- [Work request]: Copy out exactly the lines beginning with the one that contains "Coupe 6 3/4 Inch Salad Bowl 24 OZ" and ending at the last line of the listing, skipping any pictures.

- [Available data]:
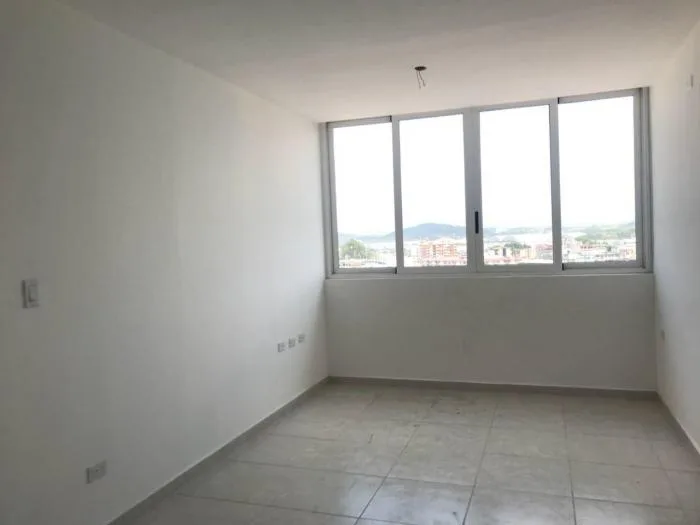 18-2695 af práctico apartamento en avenida balboa a la venta — 3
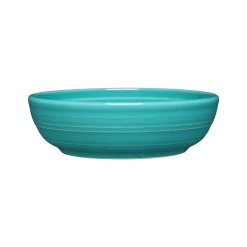 Coupe 6 3/4 Inch Salad Bowl 24 OZ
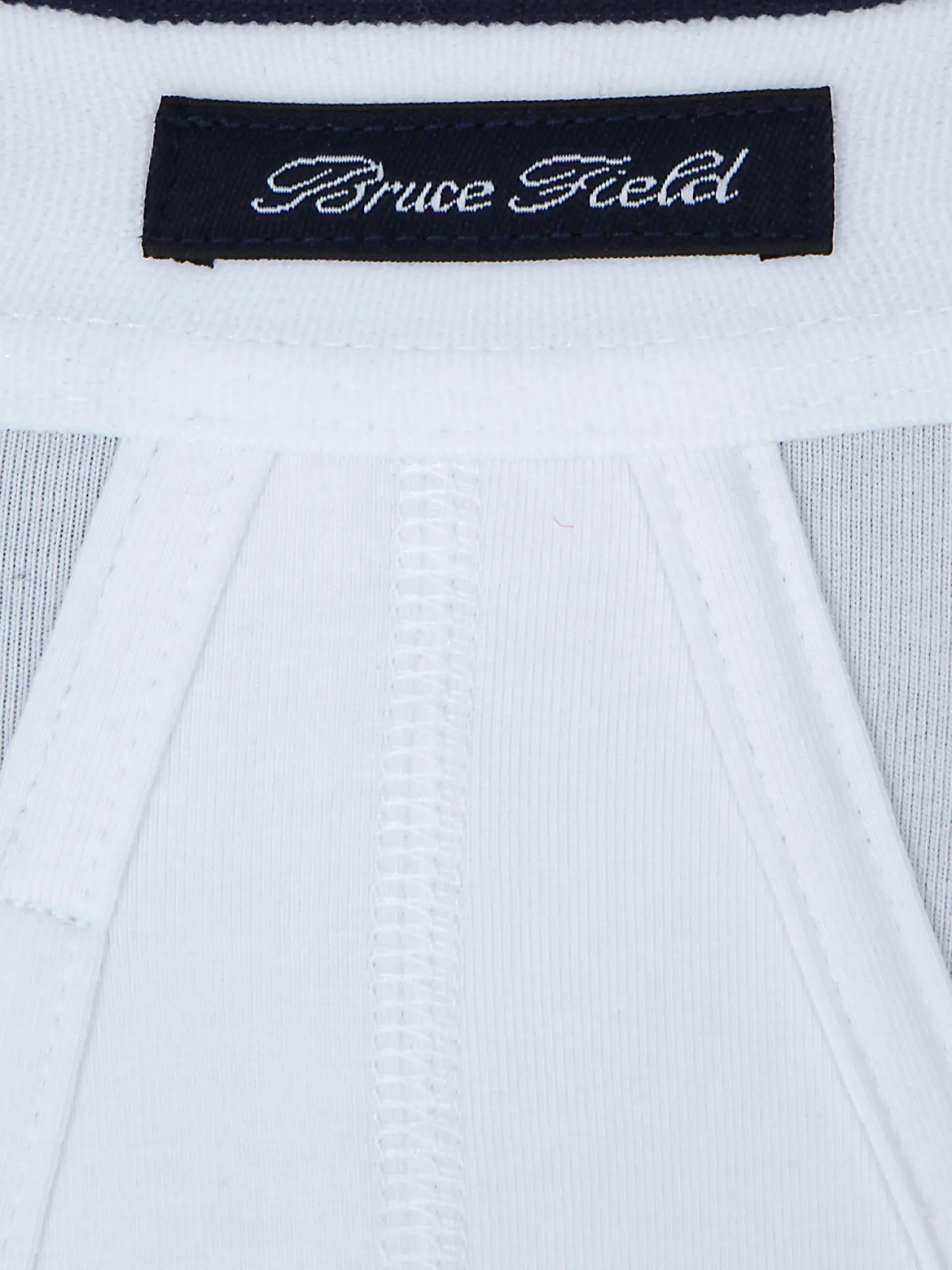 boxer_en_coton_stretch_3-2.webp Bruce Field Boxer en coton stretch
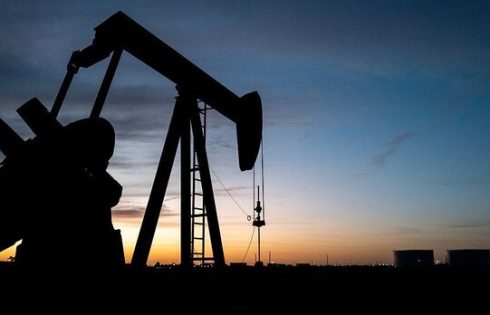 Oil prices fall to around $100 after Trump indicates war could end in weeks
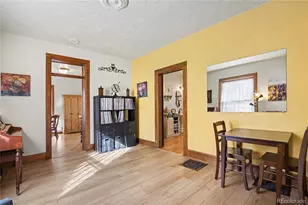 219 S 3rd Ave, Brighton, CO 80601 - Photo 4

- [Reply]:
 Coupe 6 3/4 Inch Salad Bowl 24 OZ
 boxer_en_coton_stretch_3-2.webp Bruce Field Boxer en coton stretch
 Oil prices fall to around $100 after Trump indicates war could end in weeks
 219 S 3rd Ave, Brighton, CO 80601 - Photo 4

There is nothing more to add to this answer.